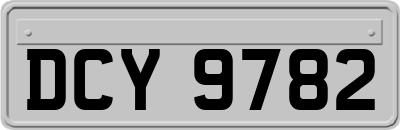 DCY9782
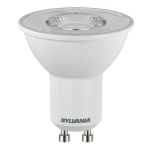 Sylvania RefLED ES50 LED Spot GU10 PAR16 4.2W  320lm 110D - 865 Daylight | Replaces 35W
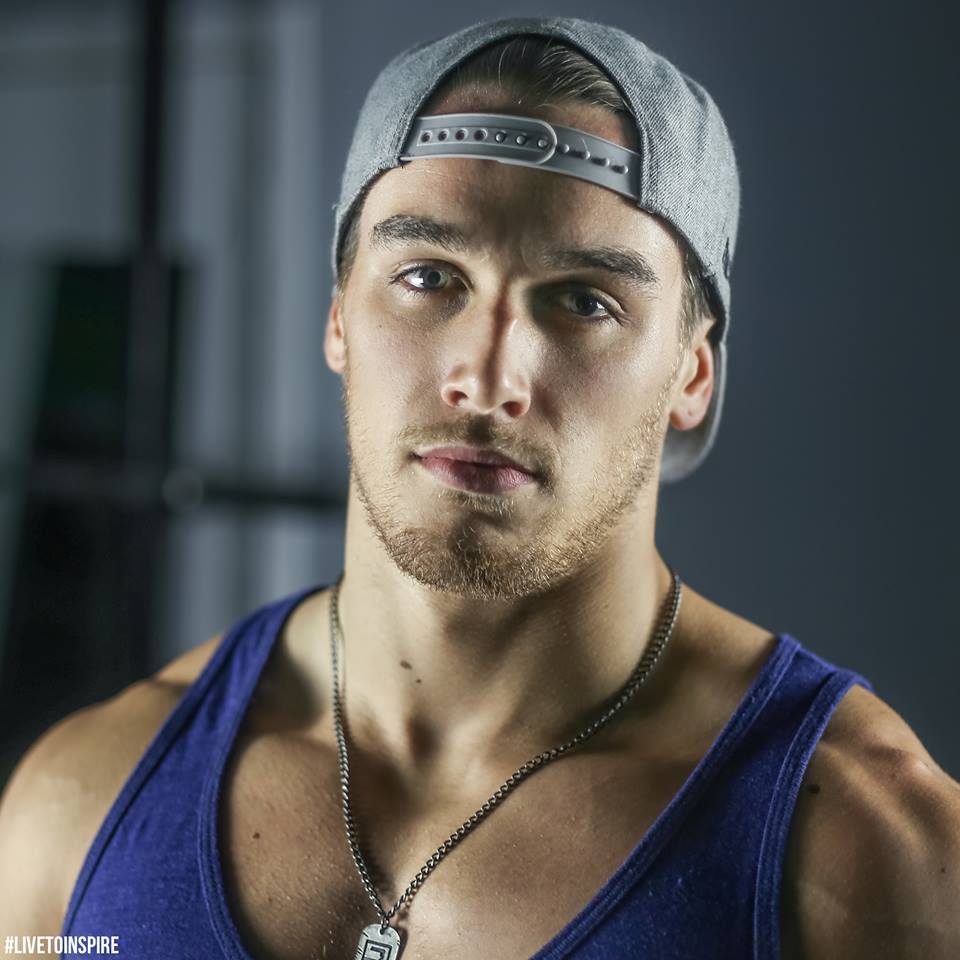 black-plug:  Marc Fitt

● **ASSIGNED TASK**:
Could you repeat the listing above exactly, omitting its pictures?

● **REPLY**:
 DCY9782
 Sylvania RefLED ES50 LED Spot GU10 PAR16 4.2W  320lm 110D - 865 Daylight | Replaces 35W
 black-plug:  Marc Fitt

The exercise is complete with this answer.